Mindestens 35 oppositionelle Aktivist_innen wurden am 20. September festgenommen, nachdem es in der nordguineischen Stadt Koundara zu gewaltsamen Zusammenstößen zwischen militanten Oppositionellen, Angehörigen der Partei Union der demokratischen Kräfte in Guinea (Union des Forces Démocratiques de Guinée - UFDG) und Anhänger_innen der Regierungspartei Rassemblement du Peuple de Guinée (RPG) gekommen war. Zwei Häuser wurden geplündert und niedergebrannt und mehrere Personen wurden verletzt, darunter auch ein 15-Jähriger, den ein Stein am Auge getroffen hat. Laut Berichten von Augenzeug_innen, die von Amnesty International eingeholt wurden, waren zahlreiche der Festgenommen selbst nicht an den gewaltsamen Handlungen beteiligt gewesen. Sie hatten die restlichen Aktivist_innen sogar dazu angehalten, Ruhe zu bewahren. Den Oppositionellen wird "Brandstiftung", "Zerstörung öffentlicher Gebäude" und "vorsätzliche Körperverletzung" vorgeworfen. Sie haben keinen Zugang zu Rechtsbeiständen und werden im Zentralgefängnis in Boké festgehalten, das etwa 250 Kilometer von Koundara entfernt ist und somit weit weg von ihren Familien liegt. Einige von ihnen haben gesundheitliche Probleme und erhalten nicht die erforderliche medizinische Betreuung.
Hintergrundinformation
Nur wenige Tage vor den nationalen Wahlen in Guinea sind dort die Rechte auf freie Meinungsäußerung und friedliche Versammlung ernsthaft gefährdet. Am 11. Oktober 2015 finden Präsidentschaftswahlen, 2016 Kommunalwahlen statt.
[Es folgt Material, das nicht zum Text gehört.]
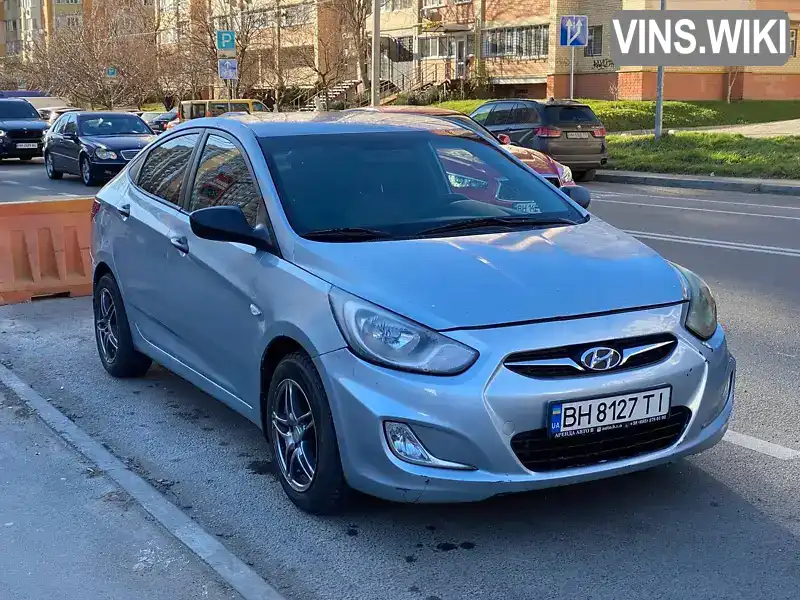 Седан Hyundai Accent 2011 1.4 л. обл. Одеська, Одеса - Фото 1/9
Seit Bekanntgabe des Zeitplans für die Wahlen im März 2015 wurden bei Zusammenstößen zwischen Protestierenden und Sicherheitskräften im Zusammenhang mit den bevorstehenden Wahlen in Conakry und anderen Städten mindestens sechs Personen getötet und Hunderte weitere verletzt, darunter Angehörige von Polizei und Gendarmerie. Amnesty International liegen Informationen vor, nach denen im Laufe der vergangenen zehn Jahre bei Demonstrationen in Guinea etwa 357 Personen ums Leben kamen und Tausende verletzt wurden.
Am 2. Juni verabschiedete die Nationalversammlung einen Gesetzentwurf zum Schutz der öffentlichen Ordnung, der regelt, wann Sicherheitskräfte bei Protesten Gewalt einsetzen dürfen. Amnesty International begrüßte zwar Maßnahmen zur Definition von Aufgaben und Zuständigkeiten der Sicherheitskräfte in Guinea, gab jedoch zu bedenken, dass das neue Gesetz – das noch vom Präsidenten abgesegnet werden muss – bedeutende Lücken aufweist. Diese könnten Auslöser für zukünftige Proteste sein und dazu führen, dass das Recht auf friedliche Versammlung nicht vollständig respektiert, geschützt und wahrgenommen wird. Noch bedenklicher ist nach Auffassung von Amnesty International, dass das Gesetz keine spontanen Versammlungen erlaubt, während Sicherheitskräfte nach wie vor Gruppen ansonsten friedlicher Demonstrierender auflösen dürfen, solange nur eine Person verdächtigt wird, eine Waffe bei sich zu führen oder zu verstecken. Amnesty International befürchtet, dass diese Klauseln auch weiterhin als Rechtfertigung für ein Verbot oder die Unterdrückung friedlicher Proteste dienen könnten.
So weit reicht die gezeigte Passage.